The genera of bacteria associated with plants belonged primarily to Proteobacteria and Acidobacteria, while the genera of fungi mainly belonged to Ascomycota, which are dominant phyla in forest soils [49,50,51], indicating that these taxa are widely involved in ecological processes. The relationship between different plants and specific fungal communities are stronger than that between different plants and bacterial communities, which may be because the soil bacterial community structure is influenced by time (succession), and the characteristics of plant species and functional groups are the driving factors affecting soil fungal community structure, which can explain the large proportion of changes in fungal community composition [52]. Urbanová et al. [53] showed that 35–37% of fungal OTUs showed a preference for specific plant species, while 80% of bacterial OTUs shared multiple plant species, which was consistent with our results, indicating that different plants have a preference for fungi over bacteria. Ectomycorrhizal fungi OTUs usually show strong host preference [53]. Chen et al. [23] found that the dominant plant species (Cyclobalanopsis, Lithocarpus and Castanopsis) characterized by ectomycorrhizal fungi increased after clear cutting and selective cutting, indicating that the accumulation of mycorrhizal fungi are beneficial to plant community restoration. Genre et al. [54] showed that mycorrhizal is one of the most important biosphere interactions, providing host plants with mineral nutrients, such as phosphorus and nitrogen, important nutrients to consider for forest management after forest fire disturbance and restoration of mining areas.

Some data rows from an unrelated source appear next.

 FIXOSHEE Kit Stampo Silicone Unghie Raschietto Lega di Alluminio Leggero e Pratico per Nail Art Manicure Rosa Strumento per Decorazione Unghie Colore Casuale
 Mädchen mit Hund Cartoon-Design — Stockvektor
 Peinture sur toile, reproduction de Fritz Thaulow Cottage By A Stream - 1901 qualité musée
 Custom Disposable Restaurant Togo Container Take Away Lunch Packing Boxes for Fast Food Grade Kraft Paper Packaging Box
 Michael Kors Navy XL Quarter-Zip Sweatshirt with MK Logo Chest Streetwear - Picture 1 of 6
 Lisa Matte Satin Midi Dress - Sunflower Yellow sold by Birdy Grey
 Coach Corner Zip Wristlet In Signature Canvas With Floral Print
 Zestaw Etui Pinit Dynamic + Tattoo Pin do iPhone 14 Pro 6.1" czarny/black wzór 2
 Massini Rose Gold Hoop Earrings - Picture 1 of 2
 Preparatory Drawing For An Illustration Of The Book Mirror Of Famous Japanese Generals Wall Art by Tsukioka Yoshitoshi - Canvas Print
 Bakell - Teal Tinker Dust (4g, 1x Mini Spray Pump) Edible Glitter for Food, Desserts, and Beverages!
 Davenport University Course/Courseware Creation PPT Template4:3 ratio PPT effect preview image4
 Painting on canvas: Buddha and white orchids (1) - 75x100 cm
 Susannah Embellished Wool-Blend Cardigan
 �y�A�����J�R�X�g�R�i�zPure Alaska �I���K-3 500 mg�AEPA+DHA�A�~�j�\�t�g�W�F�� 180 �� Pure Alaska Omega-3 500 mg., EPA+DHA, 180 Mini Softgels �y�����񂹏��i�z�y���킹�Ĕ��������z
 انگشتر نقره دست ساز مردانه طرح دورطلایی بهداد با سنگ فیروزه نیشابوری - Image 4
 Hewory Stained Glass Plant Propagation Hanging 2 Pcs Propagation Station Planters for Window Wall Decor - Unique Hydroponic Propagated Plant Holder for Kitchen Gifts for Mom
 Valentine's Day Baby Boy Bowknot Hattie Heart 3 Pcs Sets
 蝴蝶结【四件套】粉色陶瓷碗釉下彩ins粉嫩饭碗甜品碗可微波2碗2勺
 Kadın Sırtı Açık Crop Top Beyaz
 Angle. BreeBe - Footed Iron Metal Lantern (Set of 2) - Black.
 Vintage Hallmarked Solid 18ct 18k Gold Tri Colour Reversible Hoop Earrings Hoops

However, in this study, the genera of fungi associated with plants mainly belonged to Ascomycota, which may be because most ectomycorrhizal plants associate with many unrelated ectomycorrhizal fungi, and many unrelated ectomycorrhizal fungi associate with different plant hosts [55]. For example, Morris et al. [56] found that Ascomycota were more frequent and diverse on Quercus douglasii, which can increases the habitats in which the plants can live, because seedlings dispersing will not be limited in new settings, and may find compatible unrelated ectomycorrhizal fungi [57].

5. Conclusions

Based on the analysis of interdomain ecological network, taking the undisturbed old growth forest as a control, this study constructed plant–microbial interdomain species association patterns for different disturbance types (slash-and-burn, clear cutting and selective cutting). Compared to old growth forest, the ecological network stability of slash and burn and clear cutting decreased, while the ecological network stability of selective cutting increased and showed evidence of niche differentiation. The recovery of the plant–microbial ecological network lagged behind that of microorganisms. The associations between different plants and specific fungal groups were stronger than those between plants and bacterial groups.

Author Contributions

Conceptualization, J.C. and Y.Z.; methodology, J.Y., W.C., Y.D. and Y.Z.; software, J.Y. and W.C.; validation, Y.Z.; formal analysis, J.Y., W.C. and L.J.; investigation, J.Y., W.C., Y.D., L.J. and Y.Z.; data curation, J.Y.; writing—original draft preparation, J.Y.; writing—review and editing, J.Y., W.C., J.C. and Y.Z.; visualization, J.Y.; supervision, Y.Z.; project administration, Y.Z.; funding acquisition, Y.Z. All authors have read and agreed to the published version of the manuscript.

Funding

This research was funded by the Public Welfare Project of the National Scientific Research Institution, grant number CAFYBB2018SZ005 and the National Natural Science Foundation of China, grant number 31670614.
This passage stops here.